Authors: Javier Carbone

Published: 2018-04-01

Everything You Need To Know

What is antibody-mediated rejection (AMR) in the context of heart transplantation?

Antibody-mediated rejection (AMR) is a specific type of rejection that can occur after a heart transplant. In AMR, the recipient's immune system produces antibodies that attack the transplanted heart. It is considered complex and challenging to manage, making it crucial to understand the factors that contribute to its development to improve long-term outcomes for transplant recipients.

What role does the complement system play in heart transplantation, and what does it consist of?

The complement system is a part of the immune system that enhances the ability of antibodies and phagocytic cells to clear microbes and damaged cells from an organism, promote inflammation, and attack the pathogen's cell membrane. It comprises about 50 proteins. In heart transplantation, the complement system has a dual role. While it helps protect against infections, it can also contribute to antibody-mediated rejection (AMR).

What specific genetic variations did the study identify as being associated with antibody-mediated rejection (AMR) after heart transplantation?

The study found a significant association between two specific single-nucleotide polymorphisms (SNPs) and the presence or absence of antibody-mediated rejection (AMR): p.Gly54Asp-MBL2, a variation in the mannose-binding lectin (MBL) 2 gene, was linked to protection against AMR; and p.Asn428(p=)-CFP, a variation in the alternative complement factor properdin (CFP) gene, was associated with the development of AMR. Mannose-binding lectin (MBL) is involved in the lectin pathway of the complement system, while properdin is a key regulator of the alternative complement pathway.

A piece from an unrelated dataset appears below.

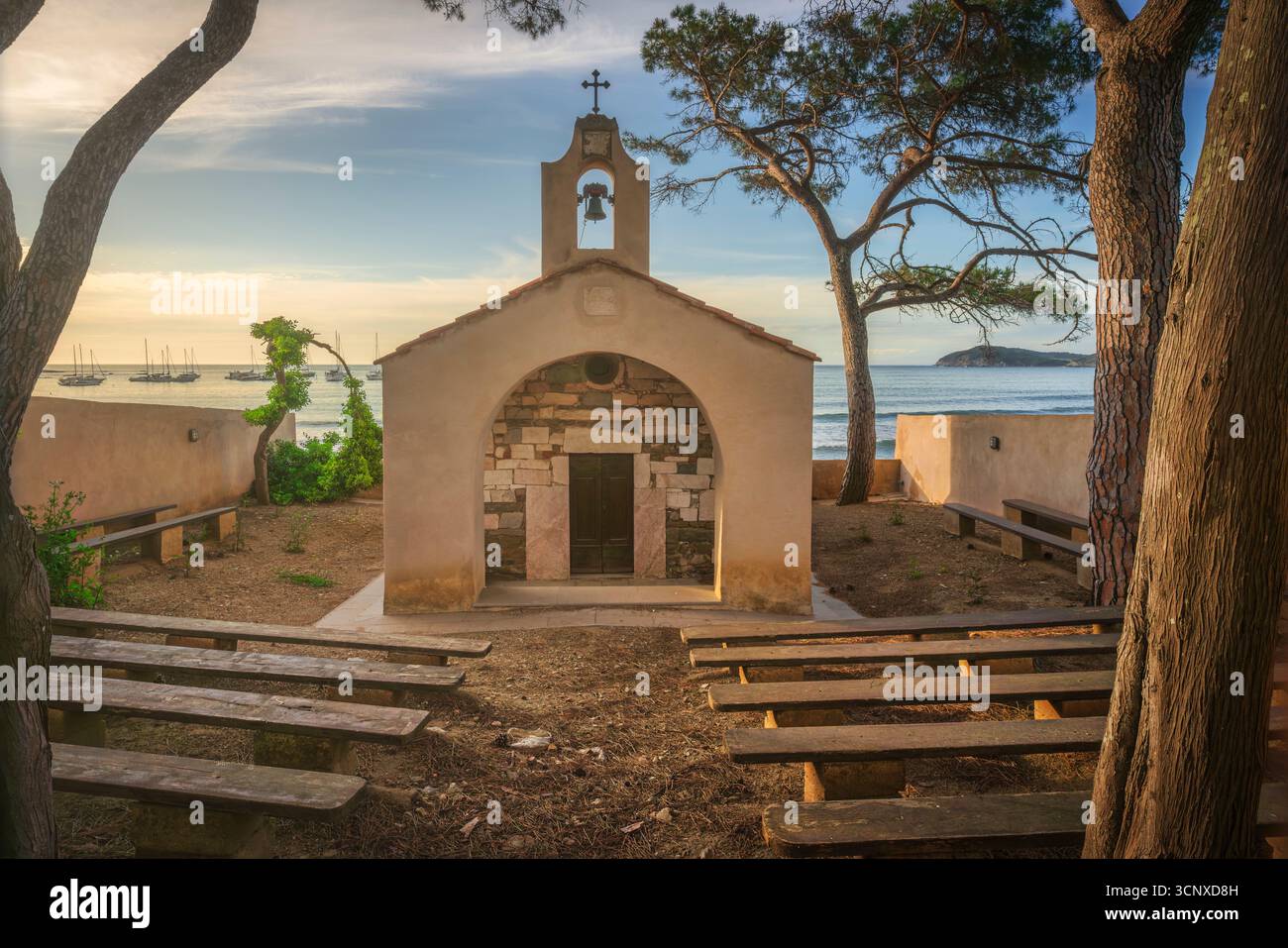 Storica cappella di San Cerbone che si affaccia sulla spiaggia di Baratti con barche a vela e il mare Mediterraneo. Piccola chiesa costiera incorniciata da pini in Toscana regio Foto Stock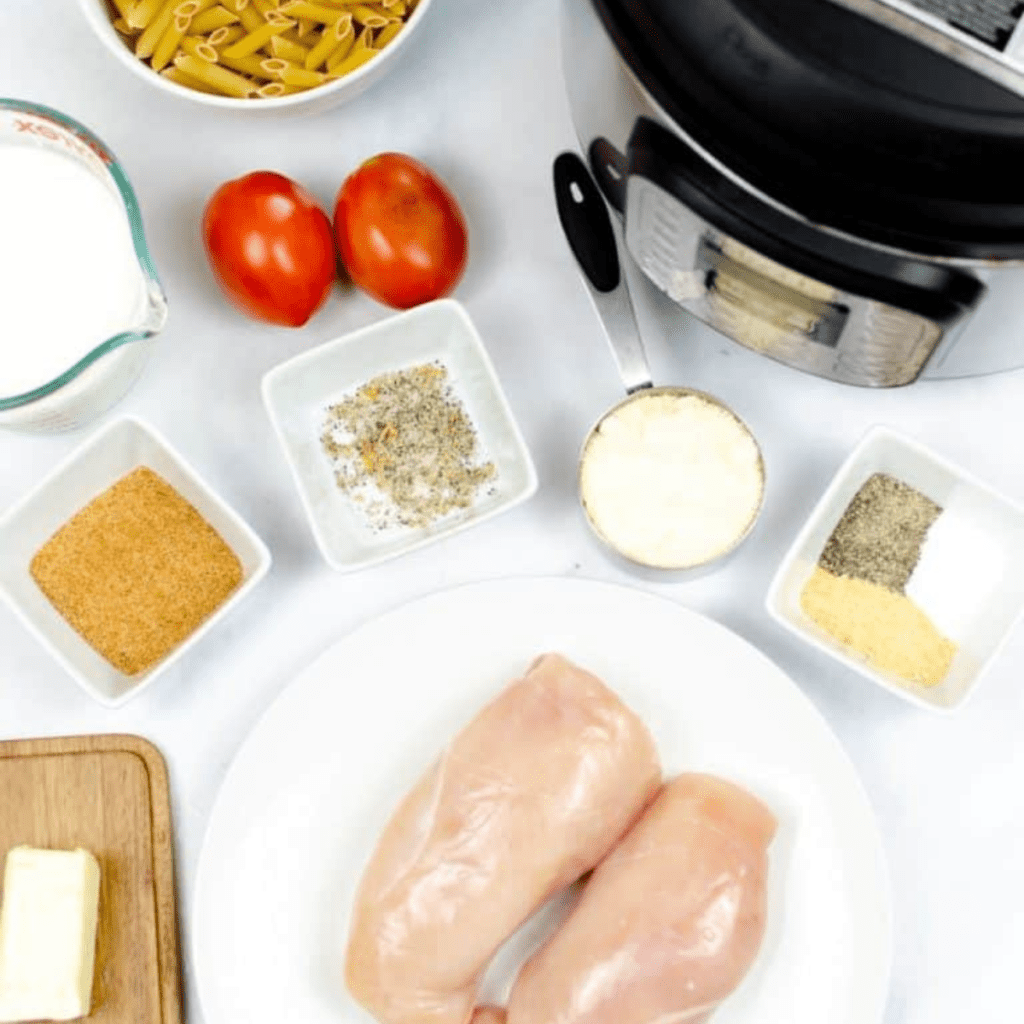 Ingredients needed for Instant Pot Chilis Copycat Cajun Chicken Pasta on kitchen table.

How could the study's findings on genetic variations in the complement pathway lead to personalized treatment strategies for heart transplant recipients?

The identification of genetic variations, such as p.Gly54Asp-MBL2 and p.Asn428(p=)-CFP, associated with antibody-mediated rejection (AMR) after heart transplantation is a step toward personalized medicine. Personalized treatment strategies in heart transplantation could involve tailoring immunosuppressive regimens based on a patient's genetic profile. For example, individuals with the p.Asn428(p=)-CFP variation might benefit from more aggressive or targeted therapies to prevent AMR, while those with the p.Gly54Asp-MBL2 variation may require less intensive immunosuppression.

What methods were used to study the genes of heart transplant recipients, and what other techniques could provide additional insights?

Next-generation sequencing was used to analyze the genes of 46 heart transplant recipients, half of whom had experienced antibody-mediated rejection (AMR). Researchers focused on 51 genes linked to the complement pathway to identify genetic variations associated with the development or prevention of AMR. Other techniques like genome-wide association studies (GWAS) or proteomic analysis could be used. GWAS would help scan the entire genome for other relevant genes. Proteomic analysis could measure complement protein levels and activity, complementing genetic findings.